TL;DR — Both the JVM and .NET CLR rely on a generational heap to keep most allocations cheap and pause times short. Understanding young‑generation collection, promotion thresholds, and the concrete tuning knobs lets you shave seconds off latency and save gigabytes of RAM in production services.
Modern back‑end services run for weeks or months under heavy load, yet the majority of their memory churn happens in a few milliseconds. Generational garbage collection (GC) is the engine that makes this possible, but the knobs and observability signals differ between the HotSpot/OpenJDK world and the .NET Core/CLR ecosystem.
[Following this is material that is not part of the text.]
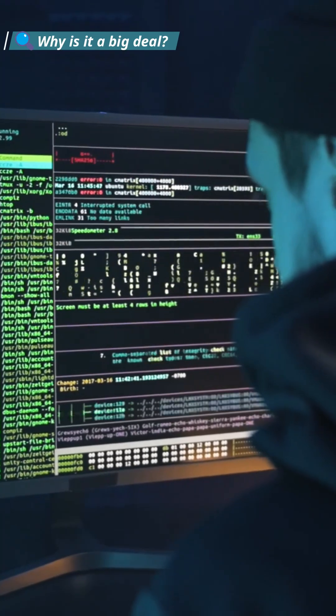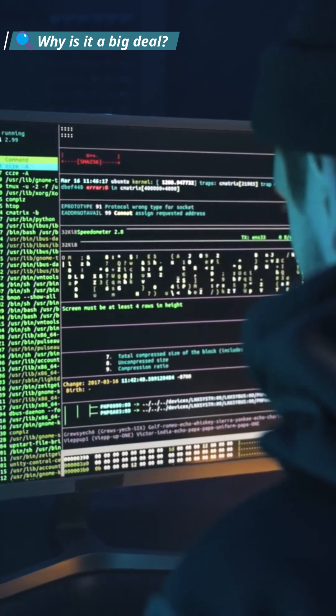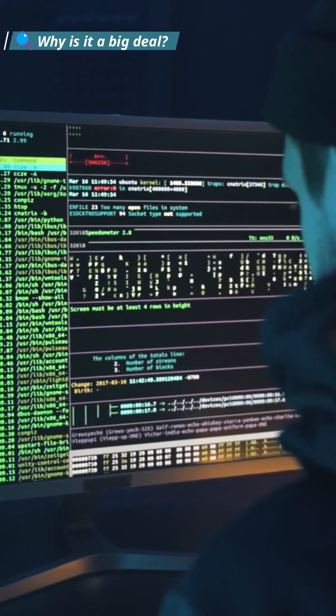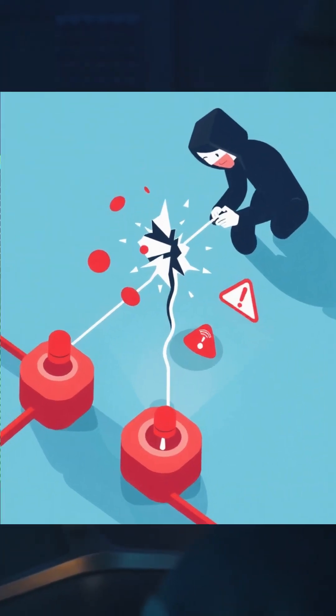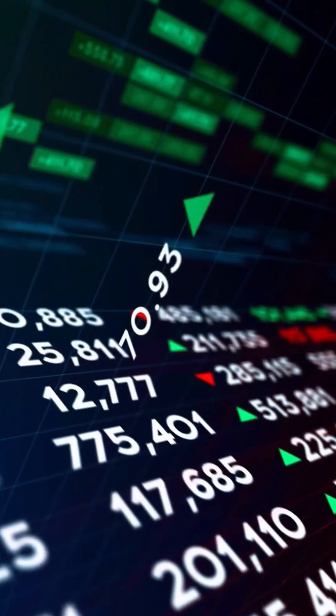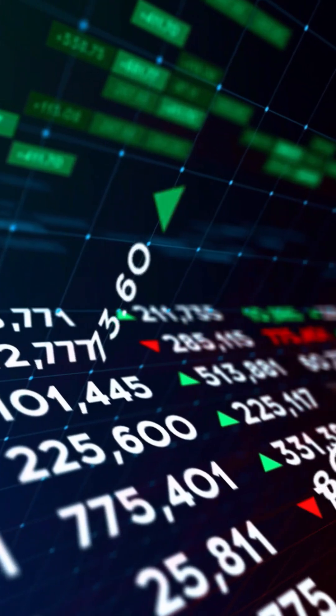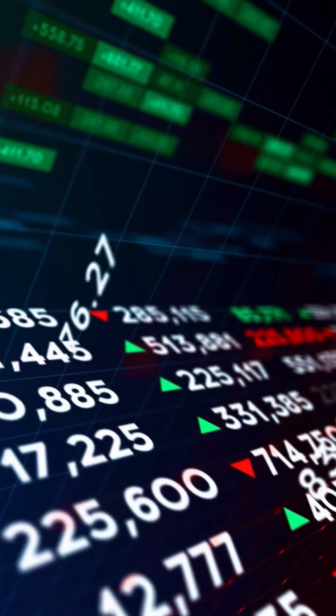This method is almost impossible to hack. If someone tries to eavesdrop, the message link breaks instantly. That's crucial for defense, banking, and secure data.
This post unpacks the theory, dives into the concrete implementations, and shows you how to profile, tune, and monitor generational GC in the two most common enterprise runtimes.
Generational GC Basics
Why “generational”?
Empirical studies of real‑world workloads (e.g., web servers, stream processors) show that most objects die young—often within a handful of allocations. By separating “young” objects from “old” ones, a collector can:
- Run frequent, cheap collections on a small region (the young generation).
- Avoid scanning the entire heap during most pauses, keeping latency low.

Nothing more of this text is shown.